#### Exercise brief:
The lines to copy from the listing below are those that contain the string "фото".

[Opening The data section]

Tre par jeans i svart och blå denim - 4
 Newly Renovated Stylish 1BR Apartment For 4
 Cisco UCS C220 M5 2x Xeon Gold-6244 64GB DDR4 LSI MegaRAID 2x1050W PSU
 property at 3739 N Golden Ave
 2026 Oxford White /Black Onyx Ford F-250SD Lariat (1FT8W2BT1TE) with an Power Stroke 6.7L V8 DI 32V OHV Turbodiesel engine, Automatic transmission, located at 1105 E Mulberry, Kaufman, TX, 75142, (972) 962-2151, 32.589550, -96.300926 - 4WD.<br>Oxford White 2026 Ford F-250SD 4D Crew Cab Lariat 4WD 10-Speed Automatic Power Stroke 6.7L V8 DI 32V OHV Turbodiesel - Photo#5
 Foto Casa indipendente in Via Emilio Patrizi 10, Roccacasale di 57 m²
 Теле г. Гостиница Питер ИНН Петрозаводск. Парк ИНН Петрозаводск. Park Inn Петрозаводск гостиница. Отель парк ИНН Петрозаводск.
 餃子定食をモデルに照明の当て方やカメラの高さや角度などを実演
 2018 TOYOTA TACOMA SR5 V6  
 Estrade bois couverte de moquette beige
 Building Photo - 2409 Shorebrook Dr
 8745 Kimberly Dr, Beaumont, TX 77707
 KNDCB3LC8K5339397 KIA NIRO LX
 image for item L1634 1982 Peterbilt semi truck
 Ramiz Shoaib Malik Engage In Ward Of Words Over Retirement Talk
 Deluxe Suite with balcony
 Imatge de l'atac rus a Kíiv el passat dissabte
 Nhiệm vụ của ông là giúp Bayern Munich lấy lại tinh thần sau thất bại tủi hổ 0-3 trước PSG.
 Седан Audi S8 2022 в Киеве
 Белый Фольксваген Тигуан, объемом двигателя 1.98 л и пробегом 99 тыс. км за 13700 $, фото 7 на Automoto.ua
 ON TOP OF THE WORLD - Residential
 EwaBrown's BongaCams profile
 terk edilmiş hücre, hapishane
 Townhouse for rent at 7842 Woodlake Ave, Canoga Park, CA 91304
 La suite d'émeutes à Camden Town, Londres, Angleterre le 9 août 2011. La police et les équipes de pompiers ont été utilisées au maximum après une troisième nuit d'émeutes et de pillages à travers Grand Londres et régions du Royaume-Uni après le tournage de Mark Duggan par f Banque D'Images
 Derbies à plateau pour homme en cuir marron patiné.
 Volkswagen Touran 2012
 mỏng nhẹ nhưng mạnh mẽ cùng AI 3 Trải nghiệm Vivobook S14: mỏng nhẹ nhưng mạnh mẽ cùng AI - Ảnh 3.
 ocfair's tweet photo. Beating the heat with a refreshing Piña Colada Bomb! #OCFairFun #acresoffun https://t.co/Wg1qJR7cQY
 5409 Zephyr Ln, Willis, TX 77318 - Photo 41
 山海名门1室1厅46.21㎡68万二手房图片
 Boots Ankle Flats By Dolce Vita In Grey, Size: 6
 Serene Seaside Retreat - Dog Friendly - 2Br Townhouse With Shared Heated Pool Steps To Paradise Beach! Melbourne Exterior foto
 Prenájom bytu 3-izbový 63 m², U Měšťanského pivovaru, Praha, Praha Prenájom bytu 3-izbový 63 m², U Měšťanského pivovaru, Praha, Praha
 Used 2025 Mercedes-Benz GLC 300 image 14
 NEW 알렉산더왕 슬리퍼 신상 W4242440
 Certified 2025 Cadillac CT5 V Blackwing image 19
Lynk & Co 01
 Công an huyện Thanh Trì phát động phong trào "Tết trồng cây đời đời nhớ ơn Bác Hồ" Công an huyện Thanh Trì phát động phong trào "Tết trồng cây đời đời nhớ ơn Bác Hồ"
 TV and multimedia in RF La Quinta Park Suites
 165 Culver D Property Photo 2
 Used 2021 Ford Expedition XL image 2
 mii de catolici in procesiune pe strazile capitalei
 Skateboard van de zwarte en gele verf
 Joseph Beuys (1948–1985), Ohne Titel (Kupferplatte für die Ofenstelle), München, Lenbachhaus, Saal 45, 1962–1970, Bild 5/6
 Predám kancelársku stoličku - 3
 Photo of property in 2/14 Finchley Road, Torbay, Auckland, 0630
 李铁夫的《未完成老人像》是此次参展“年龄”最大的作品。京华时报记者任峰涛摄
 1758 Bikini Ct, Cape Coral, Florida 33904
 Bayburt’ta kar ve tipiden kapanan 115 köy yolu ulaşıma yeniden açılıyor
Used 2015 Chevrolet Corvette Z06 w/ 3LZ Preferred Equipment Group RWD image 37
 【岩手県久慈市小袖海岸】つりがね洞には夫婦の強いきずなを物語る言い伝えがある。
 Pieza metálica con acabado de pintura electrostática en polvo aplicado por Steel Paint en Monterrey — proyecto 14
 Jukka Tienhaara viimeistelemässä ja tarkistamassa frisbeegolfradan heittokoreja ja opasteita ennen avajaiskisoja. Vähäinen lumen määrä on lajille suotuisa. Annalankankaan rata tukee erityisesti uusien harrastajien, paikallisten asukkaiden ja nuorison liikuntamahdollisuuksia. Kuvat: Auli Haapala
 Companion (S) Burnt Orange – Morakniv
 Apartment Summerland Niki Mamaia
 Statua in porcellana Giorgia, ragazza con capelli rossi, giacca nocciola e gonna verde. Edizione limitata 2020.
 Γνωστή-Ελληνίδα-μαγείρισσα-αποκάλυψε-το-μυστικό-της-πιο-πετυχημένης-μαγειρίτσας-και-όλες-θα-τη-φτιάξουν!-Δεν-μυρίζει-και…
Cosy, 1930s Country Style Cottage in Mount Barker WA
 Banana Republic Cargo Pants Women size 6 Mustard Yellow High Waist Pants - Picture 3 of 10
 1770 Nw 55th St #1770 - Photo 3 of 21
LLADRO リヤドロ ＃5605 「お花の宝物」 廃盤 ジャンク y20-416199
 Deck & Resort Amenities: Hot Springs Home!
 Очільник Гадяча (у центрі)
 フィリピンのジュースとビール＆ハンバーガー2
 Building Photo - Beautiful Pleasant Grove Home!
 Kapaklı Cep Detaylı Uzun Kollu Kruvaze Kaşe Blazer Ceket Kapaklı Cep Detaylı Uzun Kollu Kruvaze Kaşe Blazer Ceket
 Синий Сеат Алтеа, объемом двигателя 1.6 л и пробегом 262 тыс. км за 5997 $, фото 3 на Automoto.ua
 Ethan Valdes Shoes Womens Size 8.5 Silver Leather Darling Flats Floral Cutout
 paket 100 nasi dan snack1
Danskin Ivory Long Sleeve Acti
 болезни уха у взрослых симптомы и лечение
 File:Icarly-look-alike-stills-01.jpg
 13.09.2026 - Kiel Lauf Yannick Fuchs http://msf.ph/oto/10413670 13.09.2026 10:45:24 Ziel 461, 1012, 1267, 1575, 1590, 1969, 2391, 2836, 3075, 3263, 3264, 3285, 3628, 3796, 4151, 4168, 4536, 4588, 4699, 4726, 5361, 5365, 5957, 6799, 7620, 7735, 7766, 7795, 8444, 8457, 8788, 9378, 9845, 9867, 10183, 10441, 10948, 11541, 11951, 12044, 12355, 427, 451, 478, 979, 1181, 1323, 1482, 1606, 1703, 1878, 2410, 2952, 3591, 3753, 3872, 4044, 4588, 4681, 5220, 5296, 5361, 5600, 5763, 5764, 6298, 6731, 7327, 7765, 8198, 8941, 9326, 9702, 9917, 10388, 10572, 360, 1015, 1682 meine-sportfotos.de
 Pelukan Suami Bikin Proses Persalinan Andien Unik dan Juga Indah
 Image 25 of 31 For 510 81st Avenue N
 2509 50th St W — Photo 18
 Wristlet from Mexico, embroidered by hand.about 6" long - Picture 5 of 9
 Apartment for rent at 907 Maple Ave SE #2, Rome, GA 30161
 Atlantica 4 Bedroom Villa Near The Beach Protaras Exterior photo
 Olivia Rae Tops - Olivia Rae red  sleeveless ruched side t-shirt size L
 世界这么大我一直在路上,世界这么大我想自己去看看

[Closing The data section]

#### Result below:
 Белый Фольксваген Тигуан, объемом двигателя 1.98 л и пробегом 99 тыс. км за 13700 $, фото 7 на Automoto.ua
 Синий Сеат Алтеа, объемом двигателя 1.6 л и пробегом 262 тыс. км за 5997 $, фото 3 на Automoto.ua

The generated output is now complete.